There are a groups of inflammatory signals that play key roles in the early phases of acute inflammation. These signals cause the Cardinal Signs of Inflammation and are involved in the inflammatory mechanism. The Cardinal Signs of Inflammation are the signs and symptoms that results directly from acute inflammation.
Histamine is released from mast cells in response to cell injury, complement activation, or membrane bound IgE being crosslinked by antigen. Histamine then increases venule permeability, dilates the arterioles and prepares the vessel wall for neutrophil extravasion. In other words, Histamine is the main signal that initiates the fluid phase (But it gets helps from other cytokines). Histamine is the mediator of type 1 hypersensitive reactions (anaphylaxis & allergies) and signals stomach acid to be secretion. Antihistamines that primarily antagonize the H1 Histamine receptors are used to treat allergic symptoms, while antihistamines that primarily antagonize the H2 Histamine receptor are used to treat things like GERD and Peptic Ulcer Disease.

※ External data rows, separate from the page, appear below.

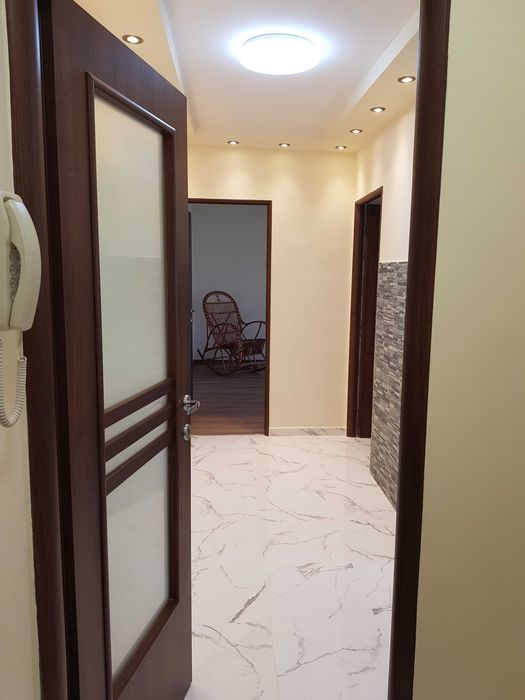 imobiliare apartament 1 camera confort 1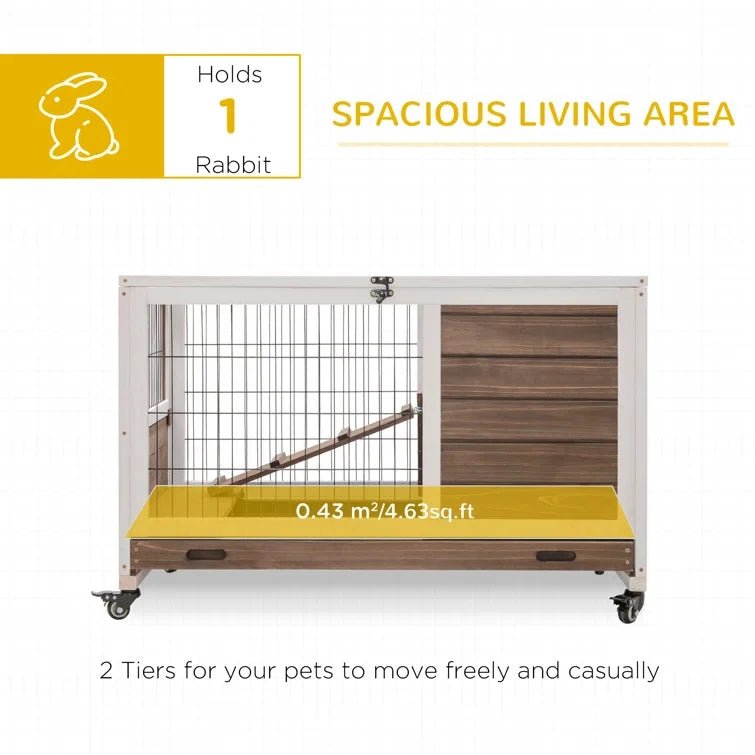 Wholesale hamster cage pet houses furniture price hamster cage pet houses furniture wood houses for hamster
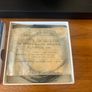 Antique Hardy Bros Alnwick Spinning line Image 4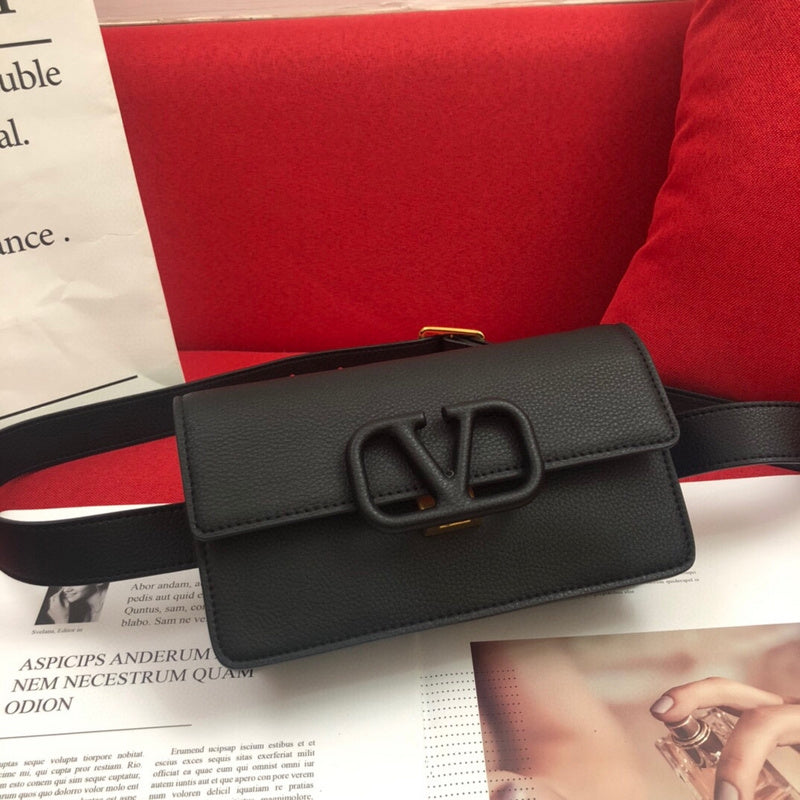 Satchel Bags - VTO Bags - 335
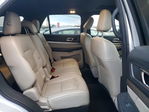 Ford Explorer 2019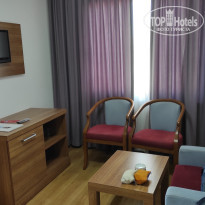 фото из отзыва ID 2248419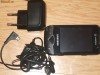 samsung s5600v blade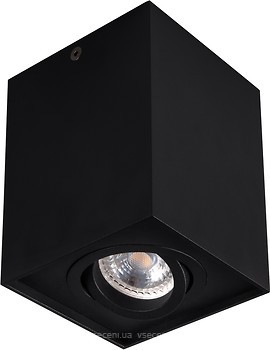 Фото Kanlux Gord DLP 50-B (25471)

Histamine has the help of other signals during acute inflammation. Following injury, Coagulation Factor XII (Hageman Factor) is activated by exposed collagen in the vessel wall. Factor XII then initiates the Kinin-Kallikrein System that creates Bradykinin. Bradykinin plays an important role in pain, arteriole dilation and increased venule permability during acute inflammation. We will cover elsewhere the effect coagulation factor 12 has on clotting. Angiotensin Converting Enzyme (ACE) breaks down bradykinin. Therefore, ACE Inhibitors increase bradykinin levels which can cause cough, angioedema and vasodilation.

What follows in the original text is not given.